The court denied Linda’s motion for a new trial on February 17, 2009 because Linda did not raise the issue in a timely fashion. On February 17, 2009, Martin served his motion for sanctions pursuant to Code of Civil Procedure section 128.7 on Linda, contending that Linda’s new trial motion was devoid of factual or legal merit because the court had ruled on the support issue. Martin’s attorney Mary-Lynne Fisher expended $9,933 in attorneys’ fees in opposing Linda’s motion. The motion was set for hearing April 13, 2009, and Martin filed it March 10, 2009.
On March 30, 2009, Linda filed her opposition to Martin’s sanction motion, contending Martin did comply with Code of Civil Procedure section 128.7’s “safe harbor” provision because he had failed to serve the motion 21 days before the hearing on her new trial motion in order to give her an opportunity to withdraw the motion. Linda further contended her new trial motion had merit because Martin’s counsel acknowledged the Smith-Ostler percentage should have been recalculated in a stipulation prepared regarding her new trial motion.
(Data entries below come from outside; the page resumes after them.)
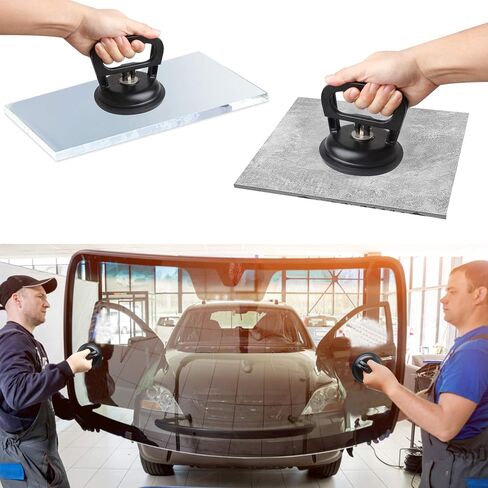 Glass Suction Cup Heavy Duty Aluminum Vacuum Plate Puller Handle Holder Hooks Duty Galss Lifting/Tile Suction Cup Lifter/Moving Glass/Pad for Lifting (Black, 2Pack) in Kuwait
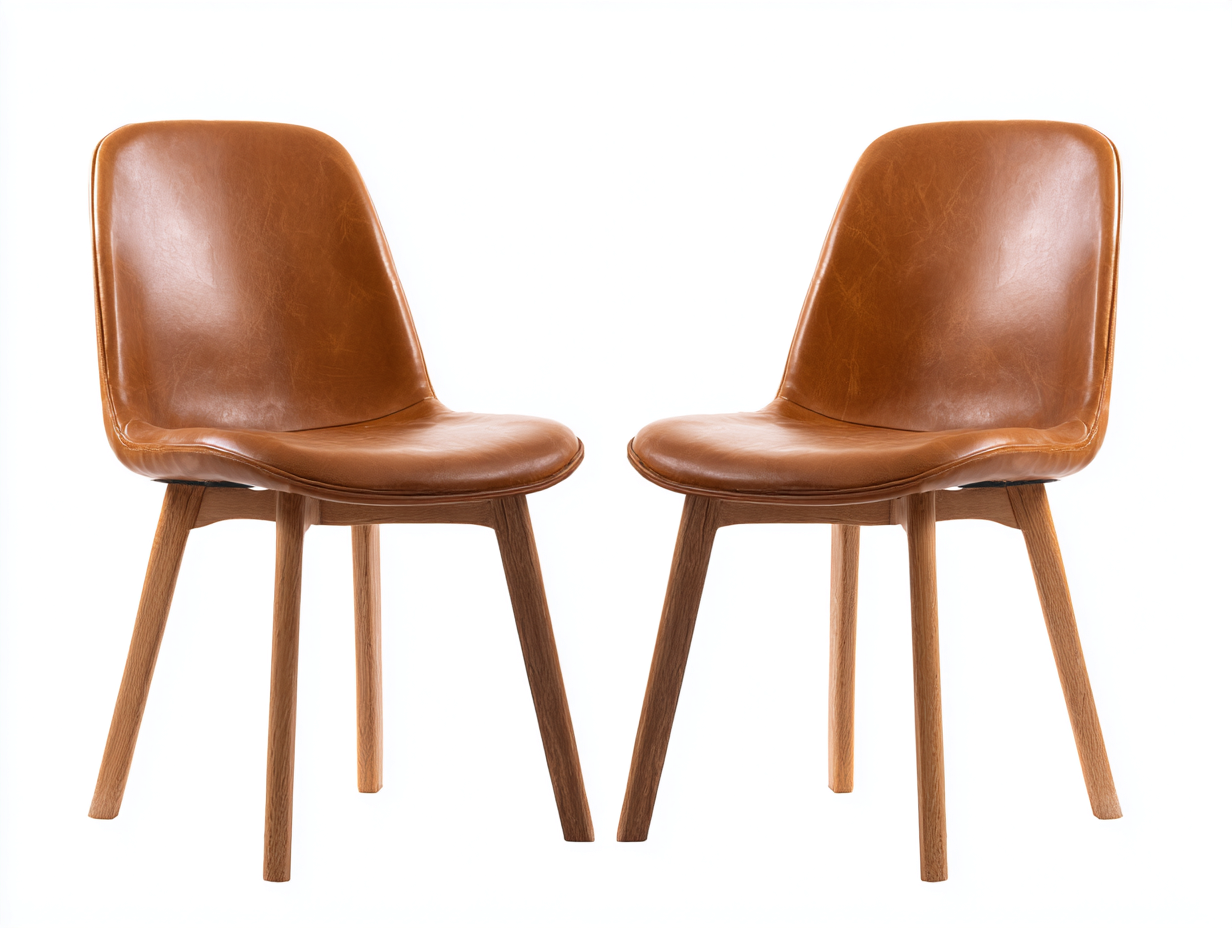 Chaise de salle à manger en cuir synthétique 56x55x84 cm - marron - design contemporain pour intérieur-Dengetbase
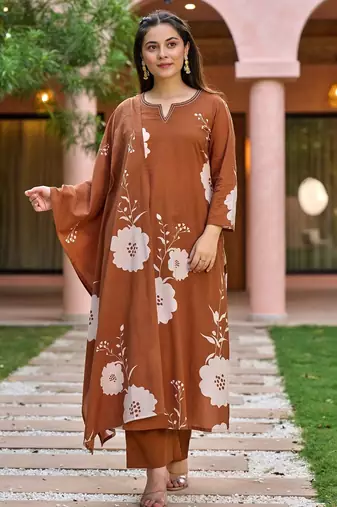 Women's Gorgeous Printed Work Muslin Fabric Straight Kurta Pant and Dupatta Set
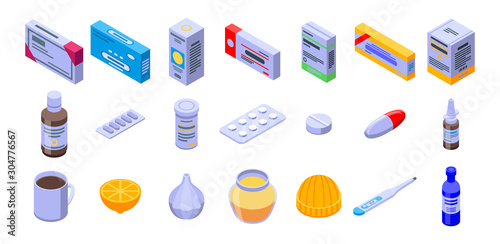 Flu icons set. Isometric set of flu vector icons for web design isolated on white background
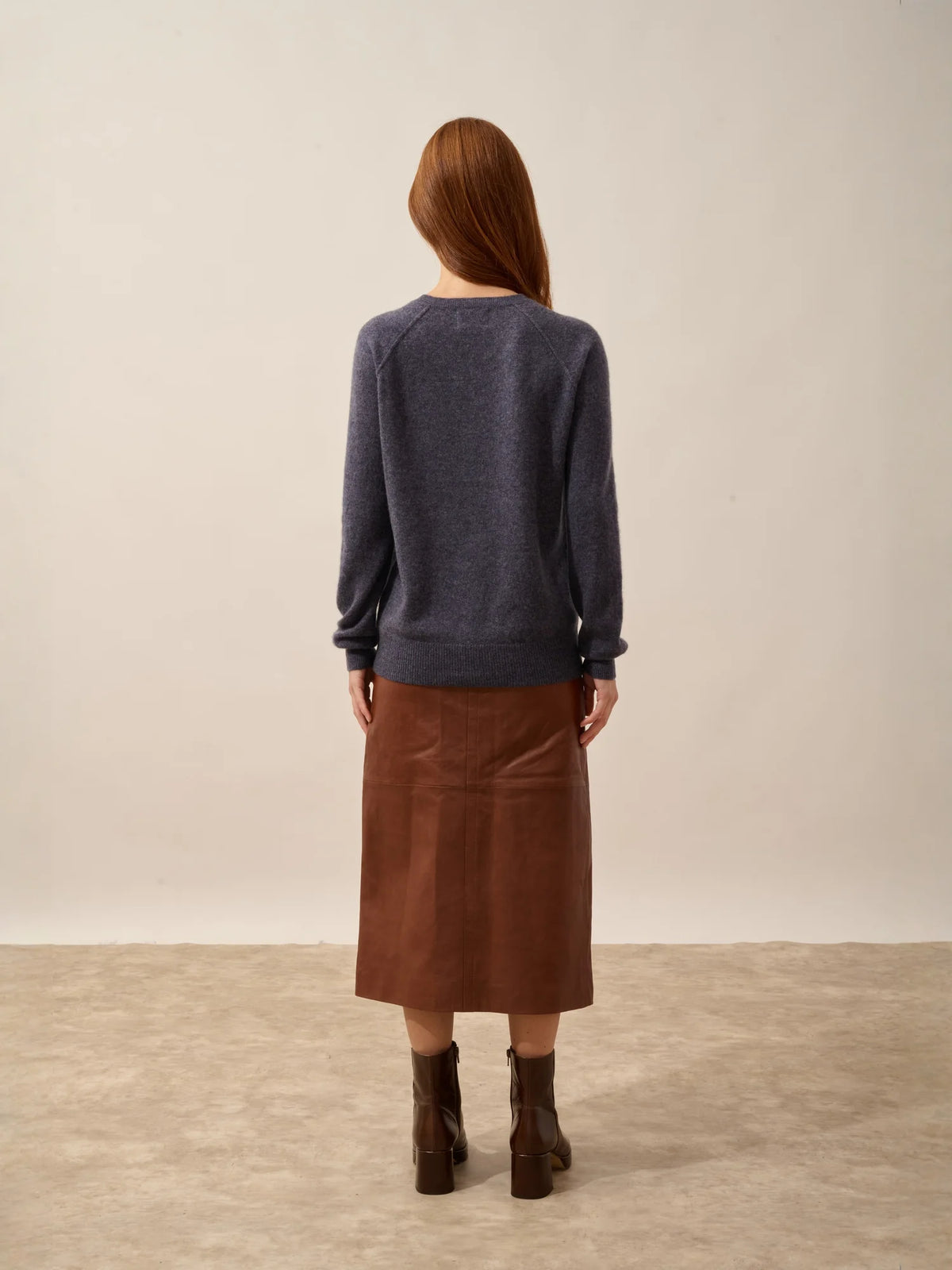 HELEN Pull Col Rond Violet Gris Chiné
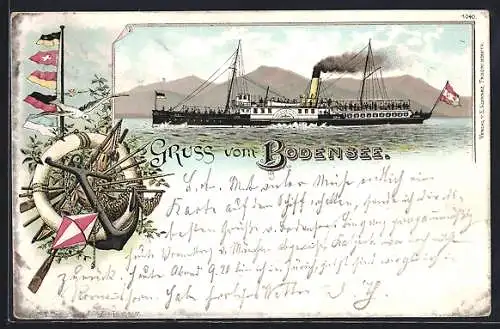 Lithographie Salondampfer Raddampfer fährt auf dem Bodensee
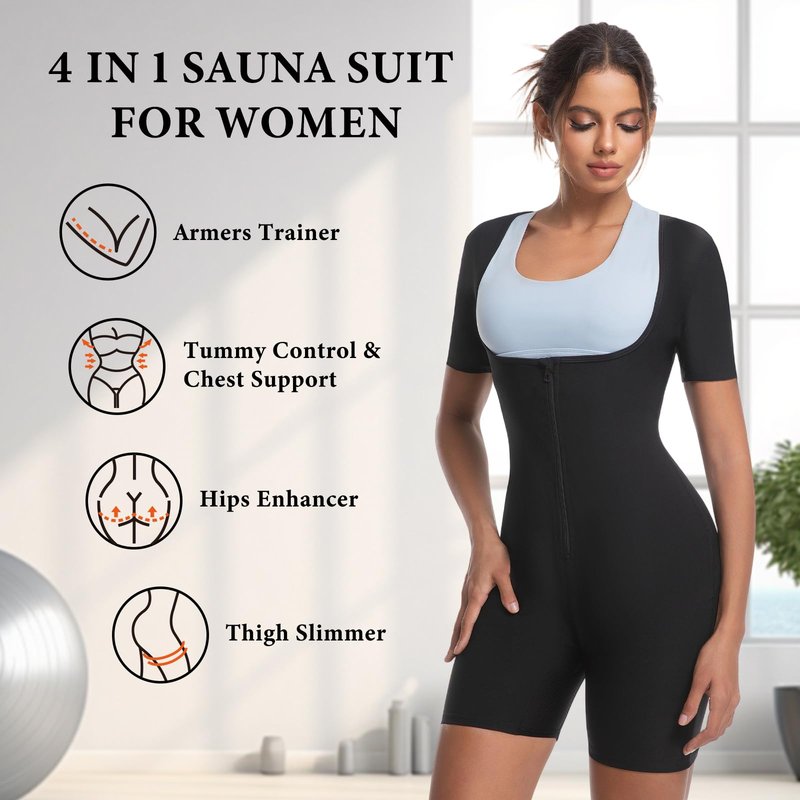 Meiosuns Sauna Sweat Suit for Women Weight Loss Waist Trainer Full Body Compression Sweat Suit 4 in 1 Slimming Heat Trapping Sauna Shirt for Workout Bodysuit Gym Fitness Shaper Thighs (Blue,XL)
Martin replied that he complied with the notice provisions of Code of Civil Procedure section 128.7 because the statute required the motion to be filed 21 days after service and his motion was filed within that time frame; furthermore, Linda failed to act to take her motion off calendar.
At the hearing, Martin argued that he did not know the hearing on the motion was going to be advanced from February 26 to February 17 until 17 days before the advanced hearing date, making it impossible for him to comply with the terms of the statute. The court found that Martin did not serve the motion in time to permit Linda to withdraw the motion, and that counsel’s letter of February 2, 2009 did not constitute notice he would be seeking sanctions, and the motion actually filed was not identical to the letter stating he would seek sanctions.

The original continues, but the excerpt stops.